> [INPUT DATA]:
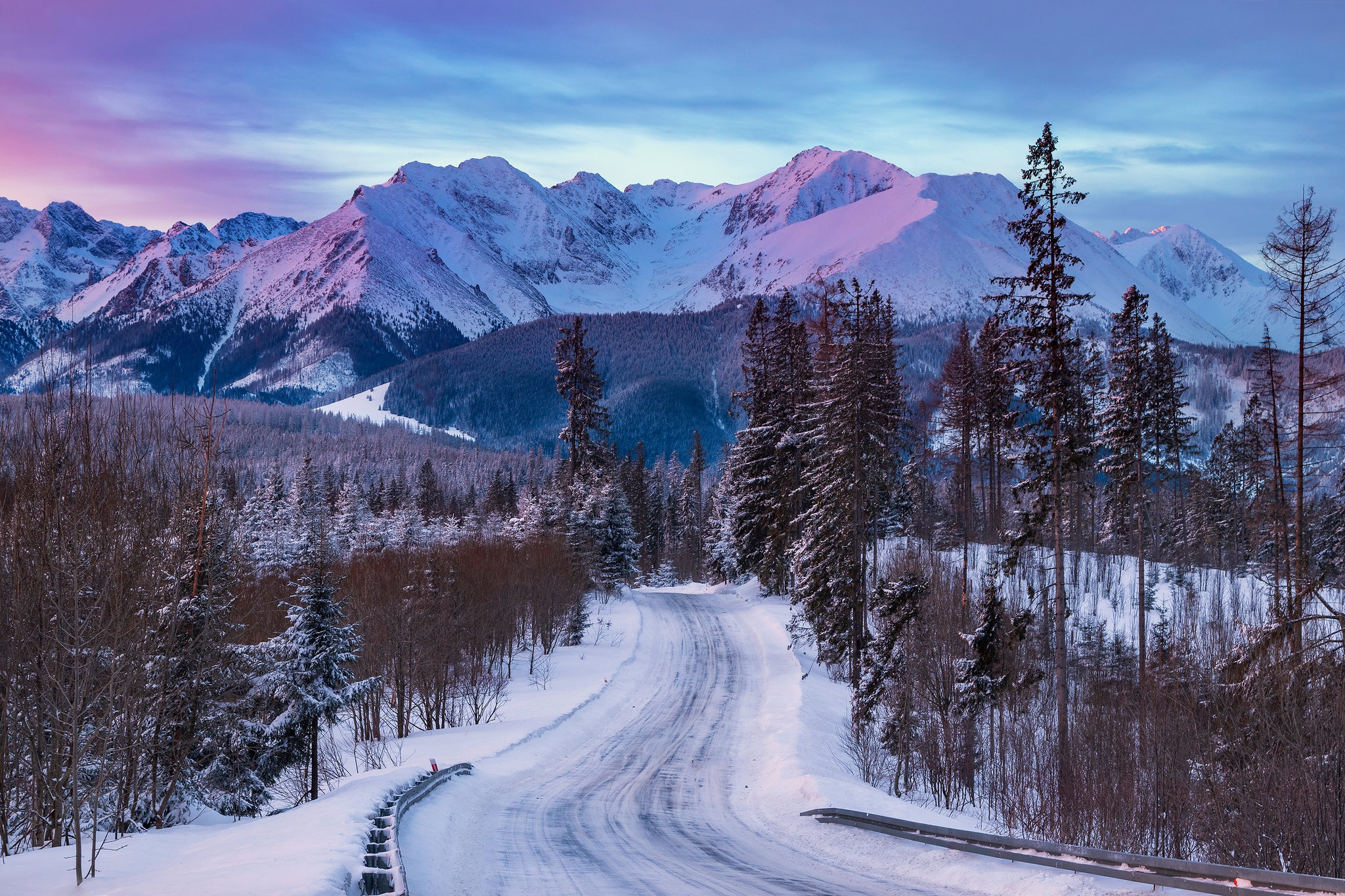 Laden Sie das Winter, Schnee, Straße, Wald, Gebirge, Fotografie-Bild kostenlos auf Ihren PC-Desktop herunter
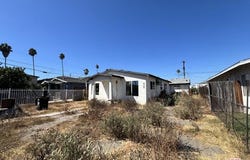 433 W 94th St, Los Angeles, CA 90003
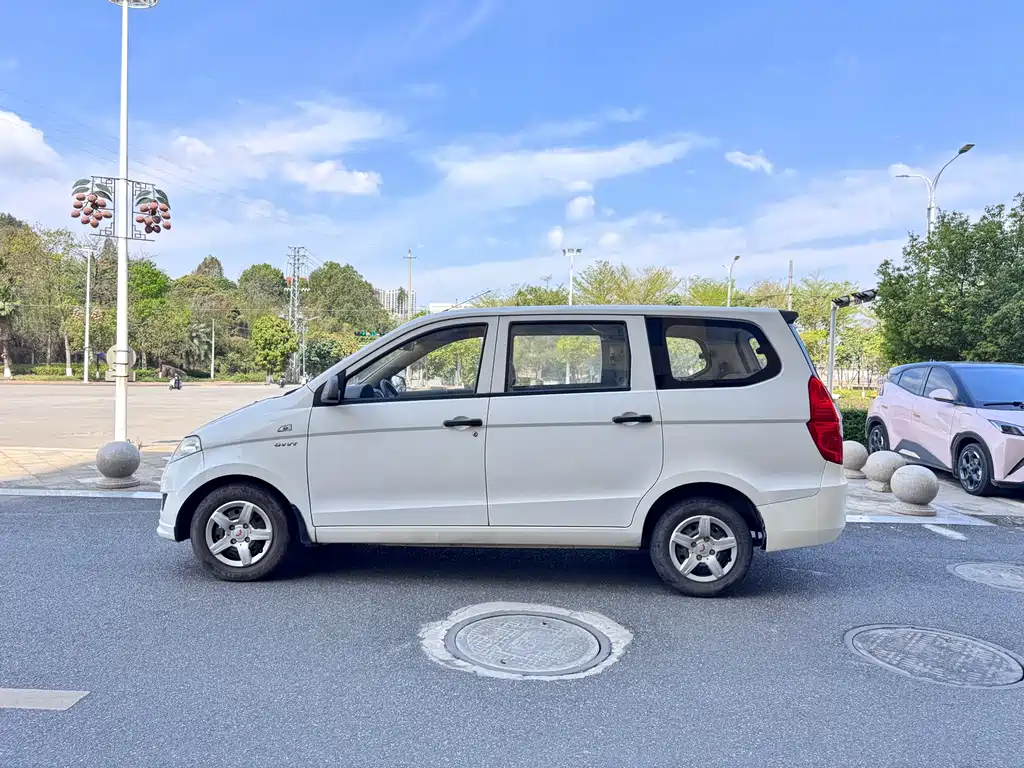 Wuling Hongguang 2016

> [TASK PROMPT]: Would you copy out every line of the data above exactly, minus the pictures?

> [REPLY]:
 Laden Sie das Winter, Schnee, Straße, Wald, Gebirge, Fotografie-Bild kostenlos auf Ihren PC-Desktop herunter
 433 W 94th St, Los Angeles, CA 90003
 Wuling Hongguang 2016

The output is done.